Friday, 8 July 2011

Visual Migraines

Yesterday I had a bad head ache and visual migraine and thought I'd post on it today.

About 10 years ago I got my first visual migraine and I was completely stumped on what it was.  At first I just thought that what I was seeing was from looking directly at a down light in the stair well of the office building I worked in.  Soon after I got back to my desk I noticed that not only did I have the spot where it looked like I was looking through a kaleidoscope but I also could not seem to read words on my computer.

After talking to an optometrist about it I was informed that it wasn't anything to do with the eyes but just an "ophthalmic migraine" or "ocular migraine" other terms "visual migraine".  These can be brought on by a number of things including food allergies.  I've discounted the food allergy as a source for me by noting what I've eaten and when before I had an onset.  So I'm still not sure what triggers them off though.  They can happen any time of day for me too.

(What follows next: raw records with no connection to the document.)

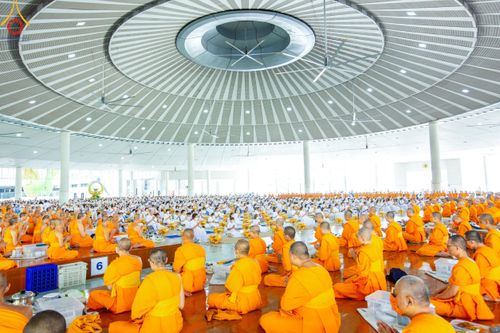 ภาพ No.115533:พิธีเจริญพระพุทธมนต์ และถวายภัตตาหาร ในวาระครบ 115 ปี วันคล้ายวันเกิด คุณยายอาจารย์ มหารัตนอุบาสิกาจันทน์ ขนนกยูง (ผู้ให้กำเนิดวัดพระธรรมกาย) วันศุกร์ที่ 19 มกราคม พ.ศ. 2567 ณ หอฉันคุณยายอาจารย์ วัดพระธรรมกาย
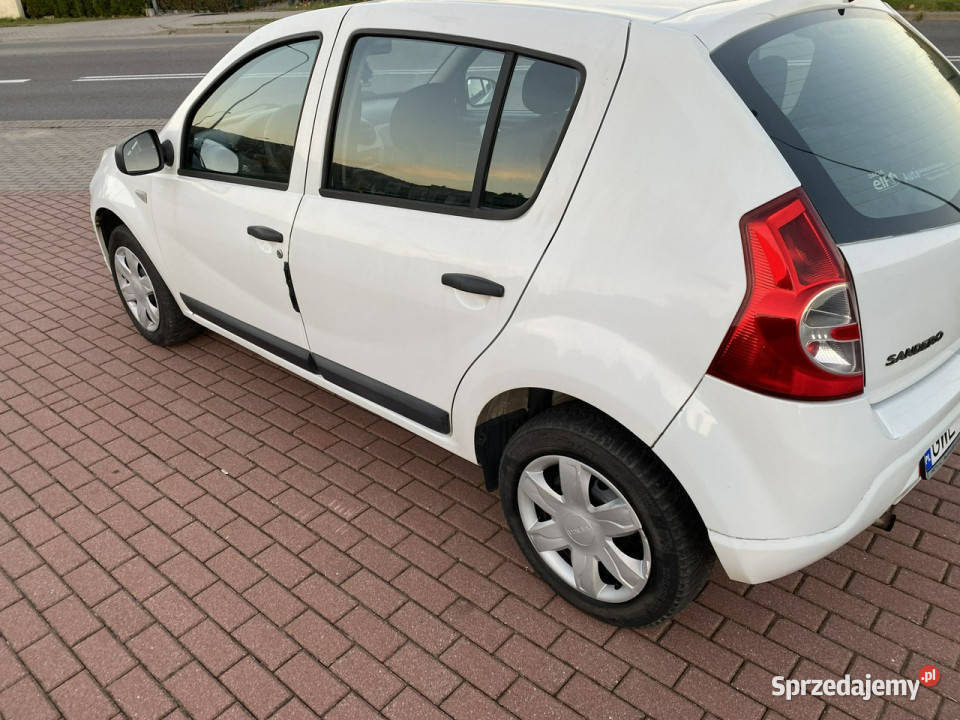 Dacia Sandero Niezawodna benzyna niski przebieg pomorskie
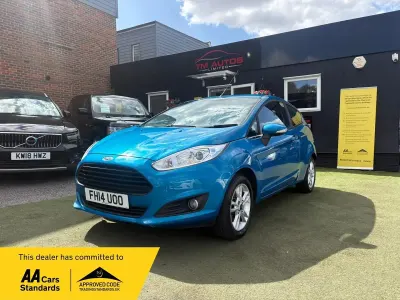 Used Ford Fiesta Zetec 80 HP (58 kW) 2014 Blue Hatchback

For those that don't know anything about them here is a you video that is similar to what happens to me with a few differences.

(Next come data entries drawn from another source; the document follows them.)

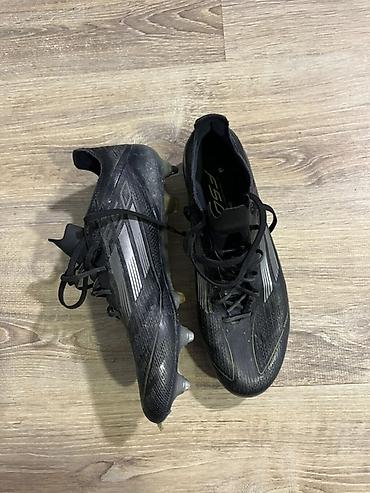 Butslar: Butslar Adidas, Ölçü: 43, İşlənmiş — 4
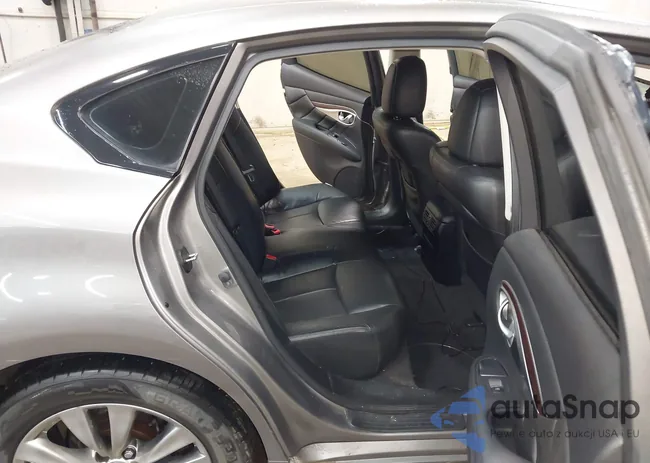 JN1BY1AR7DM600956: 44382231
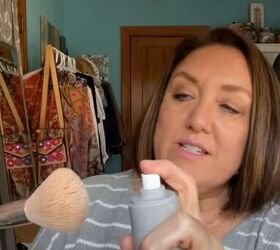 8 expert tips you need to know for setting cream makeup, Applying setting spray to a makeup brush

For me there is no real distinct blurring.  The rainbow kaleidoscope effect is much more pronounced.  They always start on my left side of my field of view and as they grow larger they actually engulf a larger portion of my view in the centre while spreading out.

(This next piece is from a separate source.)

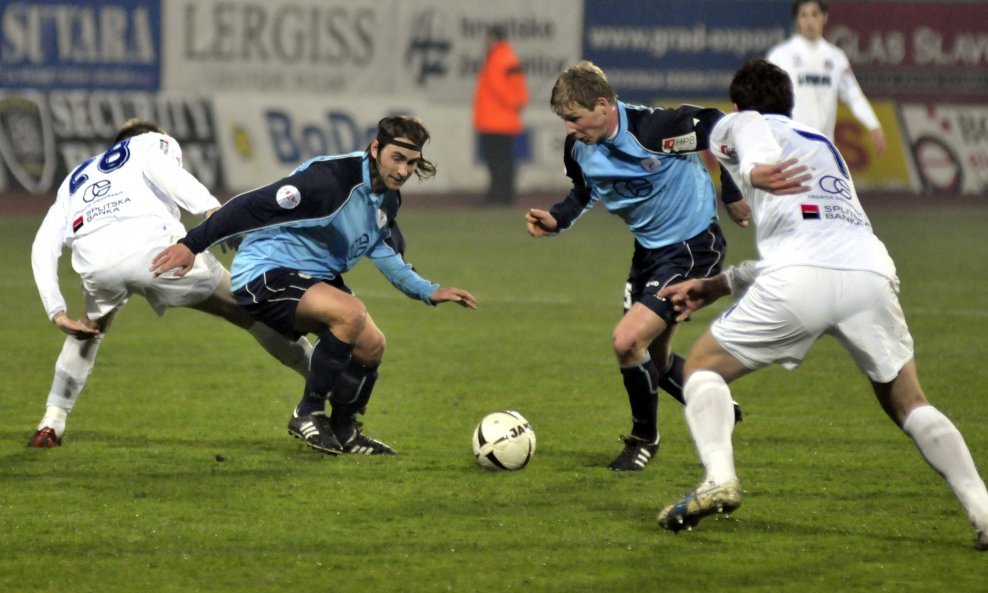 Cibalia - Hajduk, Krešimir Makarin (plavi s lijeva) i Ivan Baraban (plavi s desna)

The last thing took me about 7-8 years to figure out.  I get a blind spot in the centre of my view.  Now this isn't like a black spot but much more like the actual blind spot everyone has due to the optic nerve.  We don't see this blind spot because the brain is so good at filling it in, Google "blind spot" or go here to show you what the blind spot is and how the brain fills in the info.  Anyway it seems my brain is doing this same thing for my centre of vision, disregarding any into actually sent to it by the receptors that are actually located there. This has a very interesting and definable effect.  It means it is almost impossible for me to read while still appearing to be able to see letters.  The letter(s) at the centre of my view disappear in a way that isn't very obvious.  I still see letters to each side but as my focus goes to them they to disappear or get altered.  The result is much like trying to read a random set of letters for me.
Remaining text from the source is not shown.